ReplyDeleteSandra Huller wow....yes- one day at a time....thoughts, prayers, and LOVE to all of you!
Mary Fab Your little love is teaching each of us that know and love him many lessons each and every day. I hope you feel the strength we send to Ian, Becca, you, Brian and everyone in Ian's precious care. XO
Julie Goldman Egleston Marci! Please know you have so much love and support here in our home. Our hearts go out to all of you!!!! <3
Carye George Everett We continue to pray for you and understand how you feel.
Marci Weinberg Scher Carye George Everett I know you do....what time is your appointment tomorrow?
Helen Weisman Dagilis My heart goes out to you, Brian, Becca & Ian. Thinking of you all the time and wishing i could help ease the pain.
Donna Millman Marci, Ian, Becca and Brian....Dean and I have been following your blogs and praying that you all can somehow find the strength to continue to hang in there for that "Good Day". The day questions start getting answered and measures can be taken to move forward. We know how difficult it can be with the "Hurry Up and Wait" on medical answers. We will continue to send prayers and hope your way.
Rachel Schreiber Levitan Know that all of us who follow your blog appreciate how incredibly difficult it must be to share this challenging time. I hope that the pain I feel in my heart when I read them helps lessen the pain in your heart.
Sara Alima Ostrow Keeping you all in my thoughts and prayers.

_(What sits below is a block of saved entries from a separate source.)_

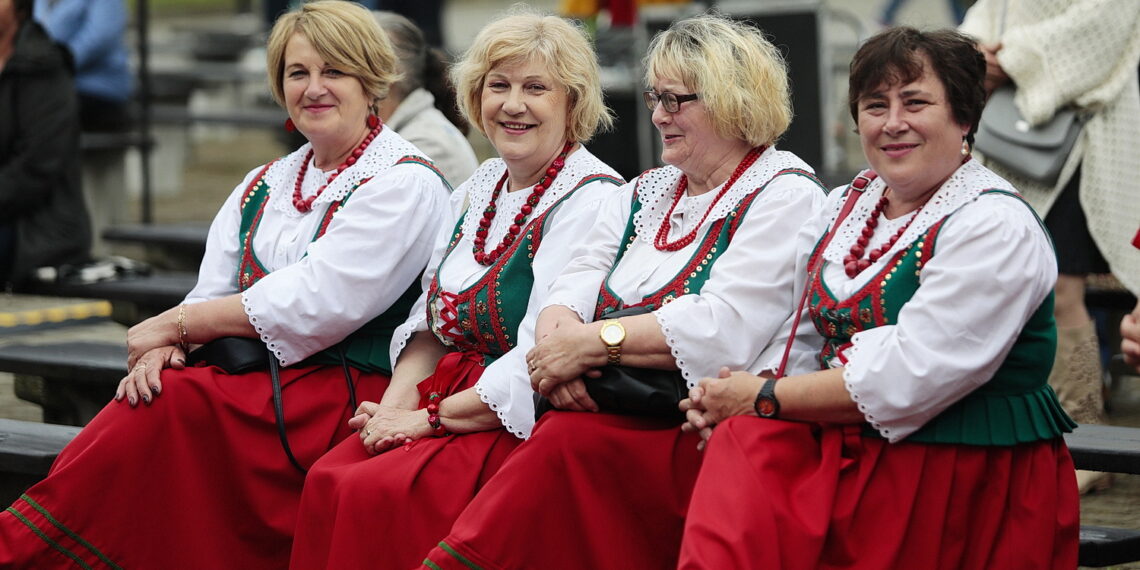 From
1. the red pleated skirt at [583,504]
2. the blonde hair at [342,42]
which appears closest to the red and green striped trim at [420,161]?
the blonde hair at [342,42]

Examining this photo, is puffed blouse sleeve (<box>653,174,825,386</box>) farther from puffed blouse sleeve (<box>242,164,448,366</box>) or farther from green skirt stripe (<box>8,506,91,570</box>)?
green skirt stripe (<box>8,506,91,570</box>)

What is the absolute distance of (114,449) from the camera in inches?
154

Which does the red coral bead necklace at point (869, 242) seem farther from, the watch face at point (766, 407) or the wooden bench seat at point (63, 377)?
the wooden bench seat at point (63, 377)

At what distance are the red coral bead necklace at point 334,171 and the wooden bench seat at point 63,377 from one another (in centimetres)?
103

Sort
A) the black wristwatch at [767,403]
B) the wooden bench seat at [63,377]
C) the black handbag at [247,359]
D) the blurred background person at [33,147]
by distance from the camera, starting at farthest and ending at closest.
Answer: the blurred background person at [33,147]
the wooden bench seat at [63,377]
the black handbag at [247,359]
the black wristwatch at [767,403]

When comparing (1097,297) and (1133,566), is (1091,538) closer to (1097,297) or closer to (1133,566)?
(1133,566)

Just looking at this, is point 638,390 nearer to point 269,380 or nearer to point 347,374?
point 347,374

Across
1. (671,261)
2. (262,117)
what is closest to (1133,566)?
(671,261)

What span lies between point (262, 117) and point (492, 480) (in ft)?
22.9

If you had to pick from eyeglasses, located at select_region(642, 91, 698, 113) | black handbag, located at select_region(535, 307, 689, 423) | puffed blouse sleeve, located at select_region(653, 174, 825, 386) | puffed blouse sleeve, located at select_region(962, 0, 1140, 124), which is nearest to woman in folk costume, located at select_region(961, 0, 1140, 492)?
puffed blouse sleeve, located at select_region(962, 0, 1140, 124)

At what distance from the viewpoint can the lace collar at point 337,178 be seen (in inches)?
162

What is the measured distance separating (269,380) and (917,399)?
71.9 inches

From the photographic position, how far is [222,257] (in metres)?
4.37

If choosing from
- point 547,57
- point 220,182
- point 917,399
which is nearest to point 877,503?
point 917,399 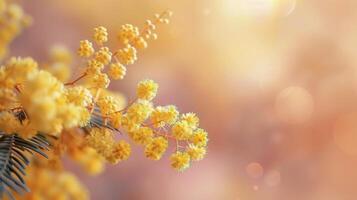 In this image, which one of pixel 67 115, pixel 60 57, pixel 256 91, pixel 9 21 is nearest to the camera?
pixel 67 115

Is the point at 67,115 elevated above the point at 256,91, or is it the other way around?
the point at 256,91

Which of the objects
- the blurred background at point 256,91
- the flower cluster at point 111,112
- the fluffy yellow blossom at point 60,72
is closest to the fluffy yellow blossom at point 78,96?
the flower cluster at point 111,112

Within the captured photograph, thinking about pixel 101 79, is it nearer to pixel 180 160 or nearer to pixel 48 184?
pixel 180 160

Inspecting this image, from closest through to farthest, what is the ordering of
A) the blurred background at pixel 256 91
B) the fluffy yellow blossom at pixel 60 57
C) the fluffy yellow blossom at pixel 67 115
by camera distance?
the fluffy yellow blossom at pixel 67 115, the fluffy yellow blossom at pixel 60 57, the blurred background at pixel 256 91

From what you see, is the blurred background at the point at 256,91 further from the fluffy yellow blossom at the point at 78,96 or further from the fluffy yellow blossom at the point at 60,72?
the fluffy yellow blossom at the point at 78,96

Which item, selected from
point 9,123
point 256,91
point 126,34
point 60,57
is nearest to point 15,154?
point 9,123

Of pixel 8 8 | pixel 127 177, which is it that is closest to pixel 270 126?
pixel 127 177

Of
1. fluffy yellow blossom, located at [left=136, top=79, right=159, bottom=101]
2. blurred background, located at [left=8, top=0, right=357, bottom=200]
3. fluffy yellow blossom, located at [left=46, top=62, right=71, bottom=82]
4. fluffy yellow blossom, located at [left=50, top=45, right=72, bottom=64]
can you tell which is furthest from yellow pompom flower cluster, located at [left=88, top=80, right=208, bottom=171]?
blurred background, located at [left=8, top=0, right=357, bottom=200] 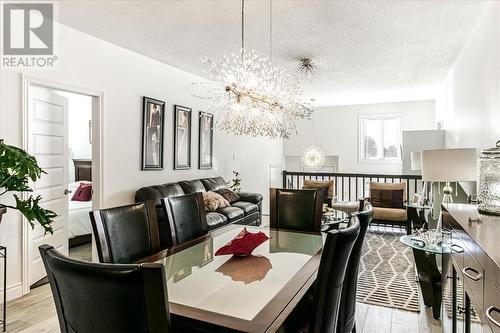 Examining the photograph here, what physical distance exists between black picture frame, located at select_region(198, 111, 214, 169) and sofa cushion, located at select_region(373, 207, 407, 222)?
3081mm

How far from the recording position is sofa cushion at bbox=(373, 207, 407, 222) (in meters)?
5.37

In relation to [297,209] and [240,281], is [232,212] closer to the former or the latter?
[297,209]

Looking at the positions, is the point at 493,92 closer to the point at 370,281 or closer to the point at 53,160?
the point at 370,281

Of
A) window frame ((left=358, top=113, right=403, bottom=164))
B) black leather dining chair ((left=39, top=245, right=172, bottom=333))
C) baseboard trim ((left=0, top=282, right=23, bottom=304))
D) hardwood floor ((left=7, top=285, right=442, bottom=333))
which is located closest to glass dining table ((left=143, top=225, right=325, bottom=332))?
black leather dining chair ((left=39, top=245, right=172, bottom=333))

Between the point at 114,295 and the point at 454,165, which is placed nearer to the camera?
the point at 114,295

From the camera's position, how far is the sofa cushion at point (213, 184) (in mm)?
5201

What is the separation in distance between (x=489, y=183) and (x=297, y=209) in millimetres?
1492

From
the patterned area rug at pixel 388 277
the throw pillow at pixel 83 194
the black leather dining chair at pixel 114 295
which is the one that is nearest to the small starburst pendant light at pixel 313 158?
the patterned area rug at pixel 388 277

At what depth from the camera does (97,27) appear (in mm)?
3365

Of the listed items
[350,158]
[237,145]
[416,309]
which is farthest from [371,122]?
[416,309]

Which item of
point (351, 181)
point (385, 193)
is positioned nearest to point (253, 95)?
point (385, 193)

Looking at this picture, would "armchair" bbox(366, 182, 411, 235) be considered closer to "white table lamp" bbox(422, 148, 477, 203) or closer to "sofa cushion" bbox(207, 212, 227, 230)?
"sofa cushion" bbox(207, 212, 227, 230)

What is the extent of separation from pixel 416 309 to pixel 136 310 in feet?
9.11

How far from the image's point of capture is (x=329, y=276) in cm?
132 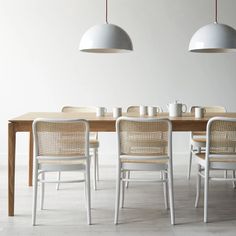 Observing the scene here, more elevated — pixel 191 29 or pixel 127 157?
pixel 191 29

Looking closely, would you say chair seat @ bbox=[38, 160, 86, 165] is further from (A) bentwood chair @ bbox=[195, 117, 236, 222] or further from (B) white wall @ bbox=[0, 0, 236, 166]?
(B) white wall @ bbox=[0, 0, 236, 166]

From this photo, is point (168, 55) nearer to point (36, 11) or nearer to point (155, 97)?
point (155, 97)

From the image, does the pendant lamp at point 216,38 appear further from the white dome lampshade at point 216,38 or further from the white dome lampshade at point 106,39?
the white dome lampshade at point 106,39

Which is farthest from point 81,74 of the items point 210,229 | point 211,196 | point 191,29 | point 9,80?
Answer: point 210,229

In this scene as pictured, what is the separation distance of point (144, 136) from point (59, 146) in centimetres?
63

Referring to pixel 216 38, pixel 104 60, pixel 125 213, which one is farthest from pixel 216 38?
pixel 104 60

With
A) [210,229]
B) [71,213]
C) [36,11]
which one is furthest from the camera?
[36,11]

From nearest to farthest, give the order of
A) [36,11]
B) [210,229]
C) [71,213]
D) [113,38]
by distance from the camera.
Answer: [210,229], [71,213], [113,38], [36,11]

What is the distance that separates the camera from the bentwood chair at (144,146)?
12.5 feet

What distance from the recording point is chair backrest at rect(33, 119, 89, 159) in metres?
3.75

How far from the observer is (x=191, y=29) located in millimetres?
6848

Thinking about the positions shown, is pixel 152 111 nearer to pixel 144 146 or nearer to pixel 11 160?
pixel 144 146

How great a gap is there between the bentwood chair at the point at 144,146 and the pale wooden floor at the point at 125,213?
0.19 m

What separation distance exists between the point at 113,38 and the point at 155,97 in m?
2.46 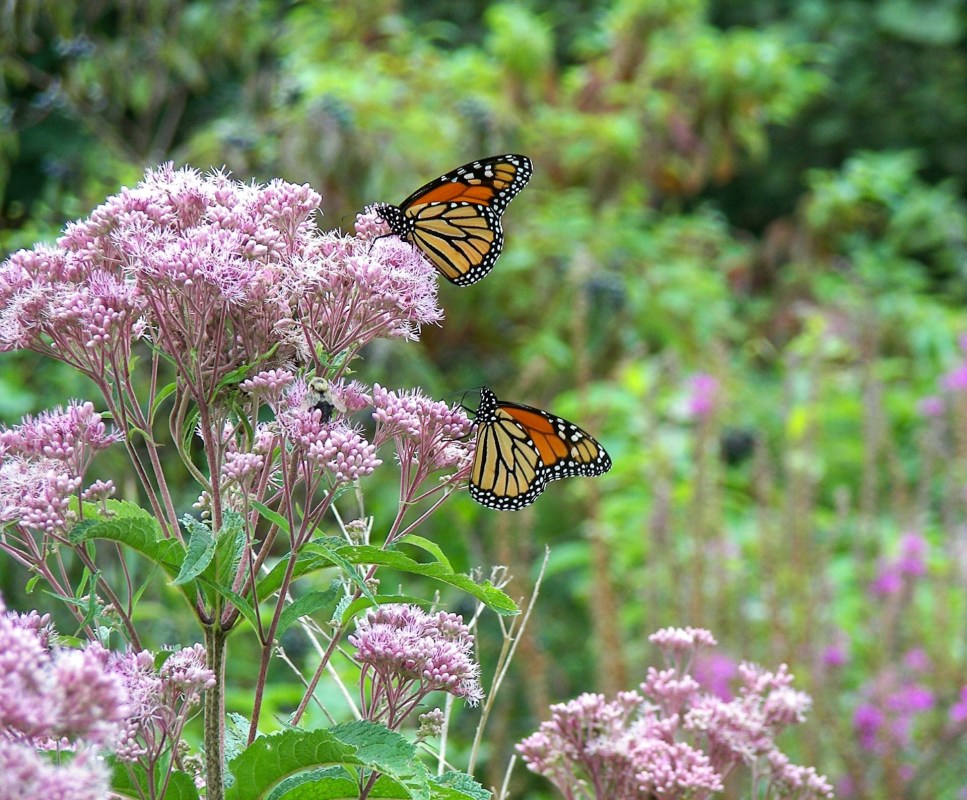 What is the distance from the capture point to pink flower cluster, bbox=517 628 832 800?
56.7 inches

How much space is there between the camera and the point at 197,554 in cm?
117

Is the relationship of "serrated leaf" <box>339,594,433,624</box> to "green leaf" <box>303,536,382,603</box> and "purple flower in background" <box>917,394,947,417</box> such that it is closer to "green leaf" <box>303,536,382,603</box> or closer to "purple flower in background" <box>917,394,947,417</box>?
"green leaf" <box>303,536,382,603</box>

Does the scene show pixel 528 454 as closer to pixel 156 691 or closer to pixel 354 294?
pixel 354 294

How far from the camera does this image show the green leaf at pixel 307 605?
1260mm

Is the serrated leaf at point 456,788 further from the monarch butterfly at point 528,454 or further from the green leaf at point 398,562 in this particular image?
the monarch butterfly at point 528,454

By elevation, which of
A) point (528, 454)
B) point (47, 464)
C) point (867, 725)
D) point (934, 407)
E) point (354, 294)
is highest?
point (934, 407)

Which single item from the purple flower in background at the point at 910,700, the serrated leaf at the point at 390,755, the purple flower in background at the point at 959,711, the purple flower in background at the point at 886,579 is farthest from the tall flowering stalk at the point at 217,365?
the purple flower in background at the point at 886,579

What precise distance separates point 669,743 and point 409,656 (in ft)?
1.46

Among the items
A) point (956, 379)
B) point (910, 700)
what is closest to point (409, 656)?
point (910, 700)

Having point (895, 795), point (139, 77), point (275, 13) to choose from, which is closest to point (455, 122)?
point (139, 77)

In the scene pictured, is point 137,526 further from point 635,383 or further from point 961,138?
point 961,138

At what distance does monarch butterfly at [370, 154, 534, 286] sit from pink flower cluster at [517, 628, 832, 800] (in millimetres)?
712

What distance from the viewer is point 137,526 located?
3.92 ft

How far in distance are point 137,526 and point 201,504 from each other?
0.27 meters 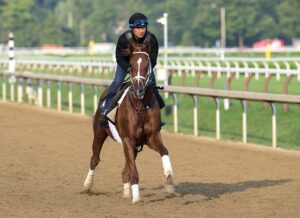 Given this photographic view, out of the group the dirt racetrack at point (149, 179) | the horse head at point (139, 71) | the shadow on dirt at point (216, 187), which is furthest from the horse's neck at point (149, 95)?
the shadow on dirt at point (216, 187)

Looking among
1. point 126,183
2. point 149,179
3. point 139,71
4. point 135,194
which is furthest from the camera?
point 149,179

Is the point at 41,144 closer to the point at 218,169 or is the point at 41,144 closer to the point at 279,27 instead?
the point at 218,169

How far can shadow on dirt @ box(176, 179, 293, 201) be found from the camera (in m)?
11.5

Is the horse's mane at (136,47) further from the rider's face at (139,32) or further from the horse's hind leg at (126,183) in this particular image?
the horse's hind leg at (126,183)

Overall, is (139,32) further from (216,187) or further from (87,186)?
(216,187)

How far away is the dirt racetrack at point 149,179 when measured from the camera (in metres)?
10.2

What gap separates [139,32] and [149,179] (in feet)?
8.87

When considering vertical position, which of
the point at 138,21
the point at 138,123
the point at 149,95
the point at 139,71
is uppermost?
the point at 138,21

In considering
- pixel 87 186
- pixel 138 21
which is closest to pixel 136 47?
pixel 138 21

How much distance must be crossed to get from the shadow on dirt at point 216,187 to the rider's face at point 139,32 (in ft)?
5.60

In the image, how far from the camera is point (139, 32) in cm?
1074

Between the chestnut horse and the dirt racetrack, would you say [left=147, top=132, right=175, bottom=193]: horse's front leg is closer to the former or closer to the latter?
the chestnut horse

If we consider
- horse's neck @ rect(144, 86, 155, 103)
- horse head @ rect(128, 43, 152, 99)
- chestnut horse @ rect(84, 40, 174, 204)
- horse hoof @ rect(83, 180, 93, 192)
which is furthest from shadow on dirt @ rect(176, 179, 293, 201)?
horse head @ rect(128, 43, 152, 99)

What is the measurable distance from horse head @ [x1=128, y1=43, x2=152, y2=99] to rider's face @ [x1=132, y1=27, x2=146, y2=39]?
128 mm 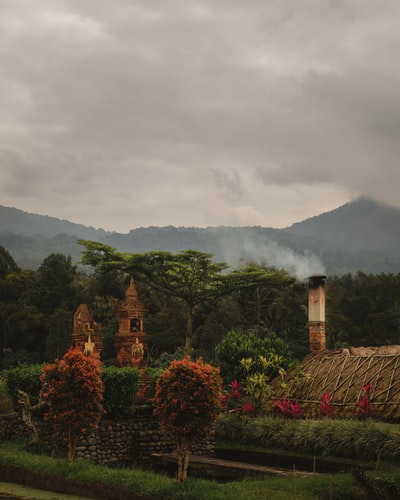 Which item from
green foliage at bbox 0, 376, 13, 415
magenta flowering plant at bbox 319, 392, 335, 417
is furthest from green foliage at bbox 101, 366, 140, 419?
magenta flowering plant at bbox 319, 392, 335, 417

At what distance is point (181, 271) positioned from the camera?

Carye George Everett Tori's appointment is at 8:30. I emailed Dr Ahn today and told him that he needs to really think about admitting her. Last night was so bad, she ended up on every pain med I could give her and there was no relief.
Julie Onnembo Lots of love and good vibes sent to you all!
Alexandra Kaplan Pratz <3
Melissa Klawans Cohen Thinking about you everyday. We are all here for you and your family. Xo
Laurie Fox Schimmel Thinking of your amazing family! I am here if you need anything!! Xoxo
Kelli Maples Bethel Know that we are praying for all of you.
Lori Kaplan We continue to keep all of you in our prayers and want you to know that we are thinking about you every day.